At any rate, she brushed her hair away from her eyes and pulled up the right sleeve of the green-and-gold plaid blouse she may or may not have been wearing (though a doctoral researchers doing research on “The Ill Windh” unearthed photographic evidence of Jackie having once owned, or at least worn, such a blouse, no reliable proof of her actually wearing it at this moment ever turned up; we, your humble authors, just want to be thorough, this being a creative nonfictional account of the writing of Jackie’s most celebrated (to date) self-comment on her own blog post).

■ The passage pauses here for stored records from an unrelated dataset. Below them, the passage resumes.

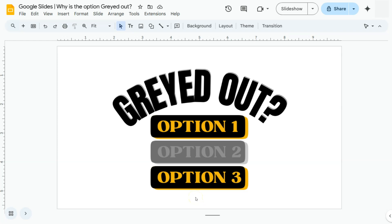In today's video, I'm going to show you why your options are grayed out here in Google Slides.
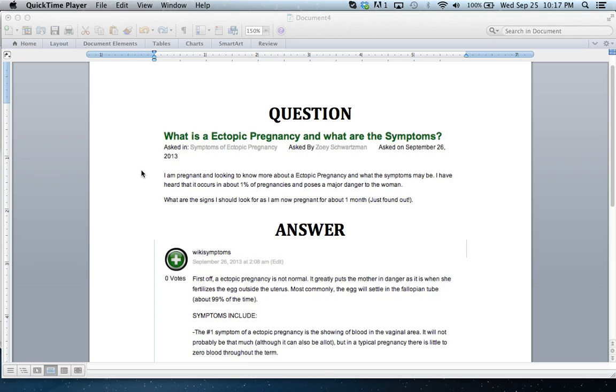I am pregnant and looking to know more about an ectopic pregnancy and what the symptoms might be. I have heard that it occurs in about 1% of pregnancies, which is correct, and poses a major danger to the woman, which is also correct. What are the signs I should look for as I am now pregnant for about one month, just found out?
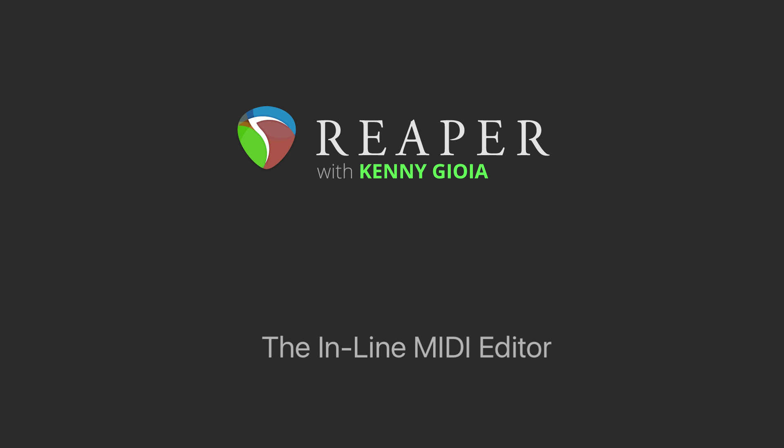Hi, I'm Kenny Gioia. Welcome to another one of my tutorials. In this video, I'm going to show you the inline MIDI editor in Reaper.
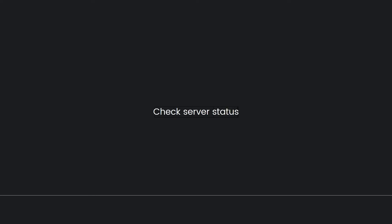Then, check server status. The disconnected error could be due to server problems on the game side. Check the official social media accounts or website of StumbleGuys to see if there are any server status updates or known issues.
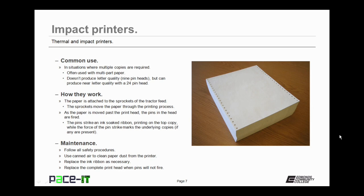Now impact printers do not produce letter quality work, especially if a 9-pin head is used. But they can produce near letter quality work with a 24-pin head.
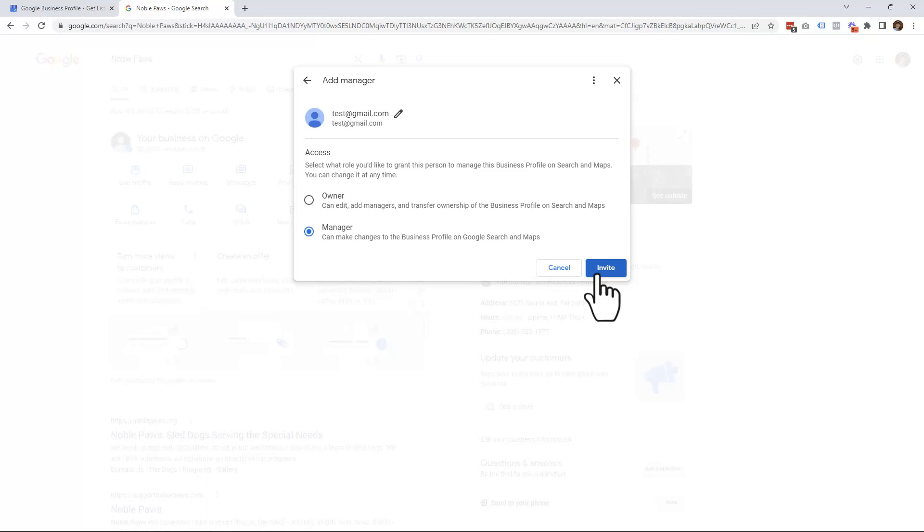At which point, an email will be sent to the user you're inviting, and they will have the option to accept your invite, and then they will have access to your Google Business account.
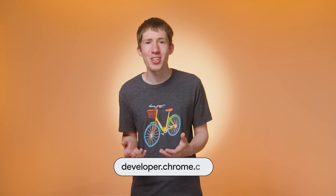And that's all there is to know about content scripts. For more information, take a look at our documentation on developer.chrome.com. See you next time.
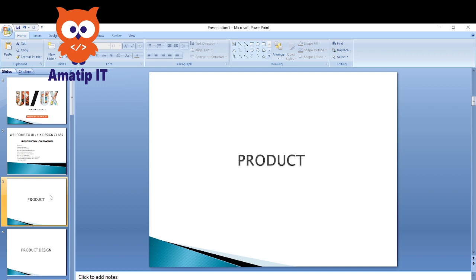Let's start with the first item on our agenda, which is 'product.' If I ask everyone what a product is, I'm sure almost everybody can tell me what it means. Product simply means anything that is created or produced as a result of one or more processes. This is something we interact with every day. Each and every one of us uses one or two products every day in our lives.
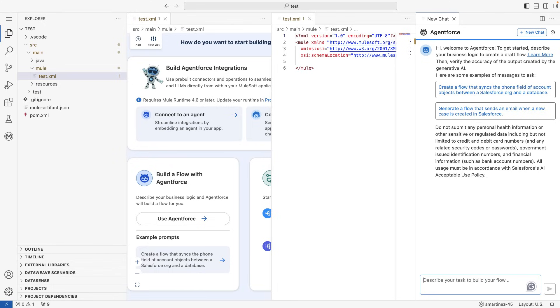This way you will have more flexibility on your Salesforce account and your Einstein agent instead of having to rely on the free trial account.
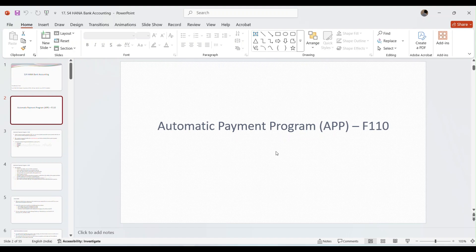Hello and welcome back. In this video I will demonstrate the process of automatic payment program in SAP system, also called APP. We use transaction code F110 to process automatic payments in SAP.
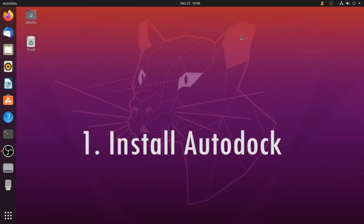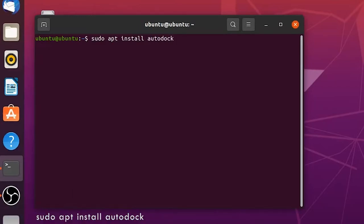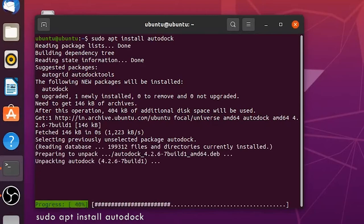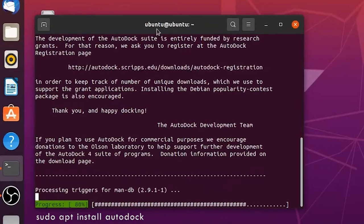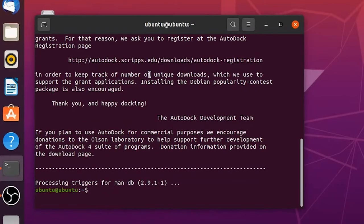First we are going to see how to install Autodock and Autogrid. Press Ctrl Alt T on your keyboard to open the terminal and give the command sudo apt install autodock. That's all, it is very simple, this command will install Autodock 4 on this system.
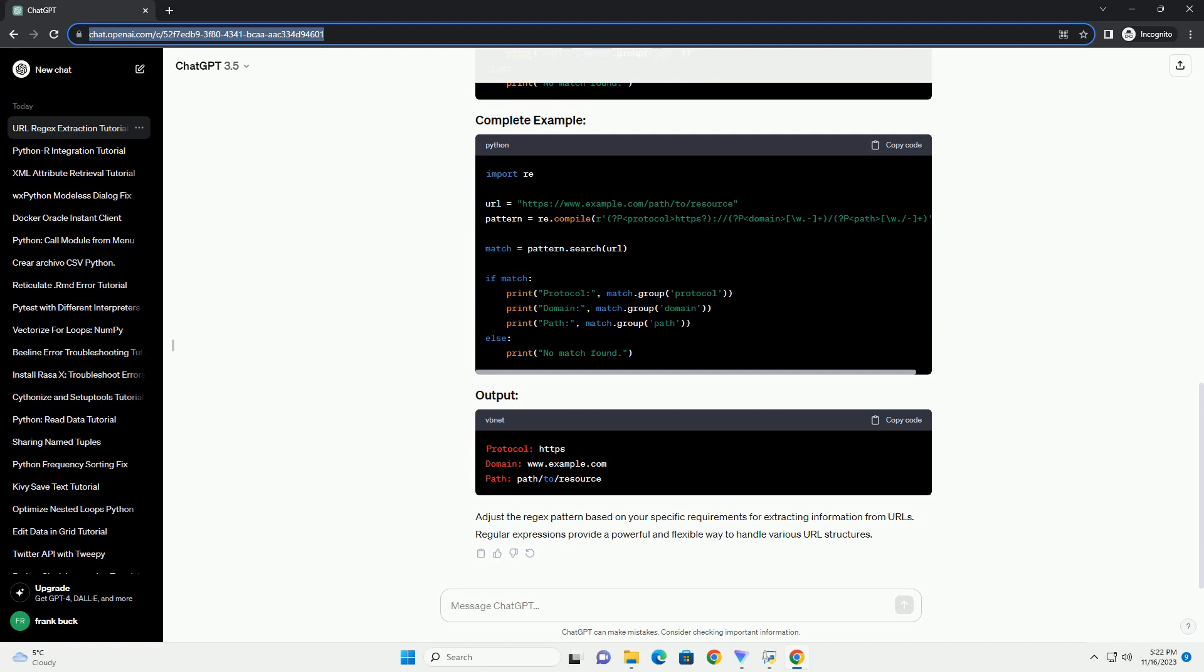Here, the pattern consists of three named capturing groups. Use the search method of the compiled regex pattern to find the match in the URL. Retrieve the matched groups using the group method of the match object and display the extracted information.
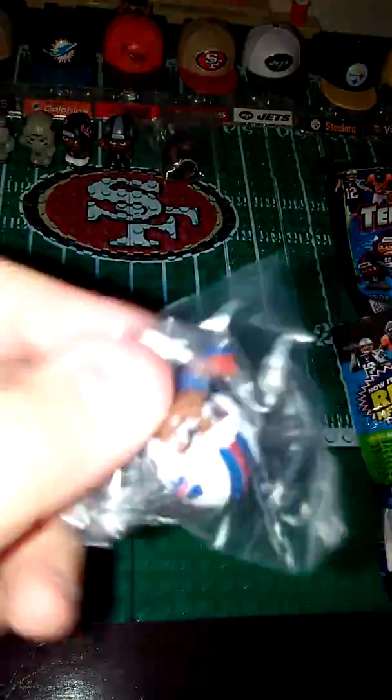Next pack is some Teeny Mates. Let's hope that we don't get doubles. Doubles, yeah, more doubles. So we just got some doubles. Let's do it again. Cool Mac, and then Sammy Watkins. There you go. Trash.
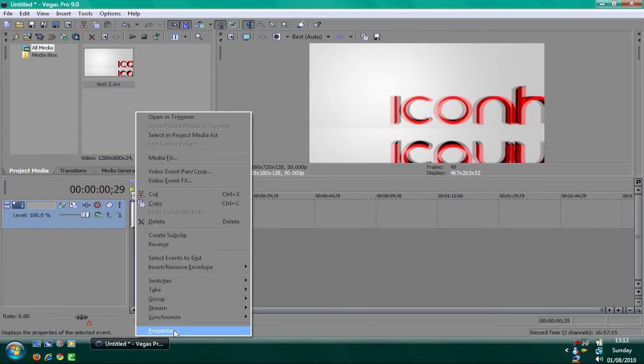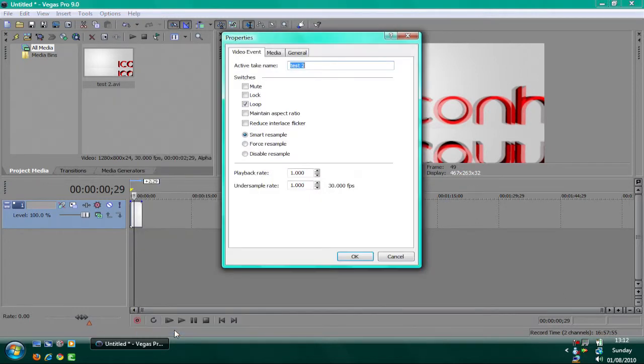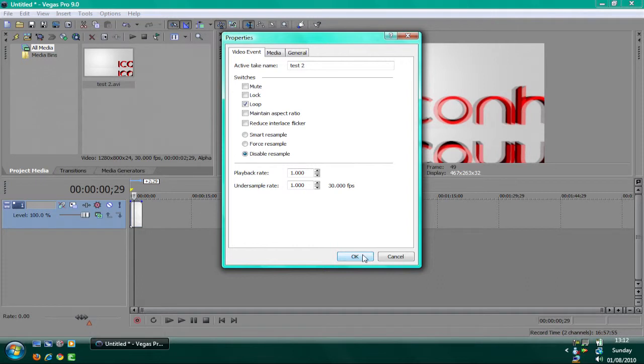Alright, what I'm going to do is go to properties again. Then it says smart resample, force resample, and disable resample. You want to go to disable resample, click okay.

She chewed the beef slowly, typing a letter each time her jaw moved: “Most people agree that it’s a pretty dumb name” — she hesitated a trifle before punching in the double-hyphen that passes for an em-dash in the (she felt) rather slapdash world of knee-jerk, on-line commentary. Then she swallowed, set her jaw, spat on the floor, and leapt into it wholeheartedly.
Umm, thanks for the, umm, participation, Greg – I think!
Sorry this reply will be very brief – I have to get up in 6 hrs for an all-day trail run! So I won’t be able to read or post anything here until Saturday morning – but I hope there will be others with something to say in the meantime.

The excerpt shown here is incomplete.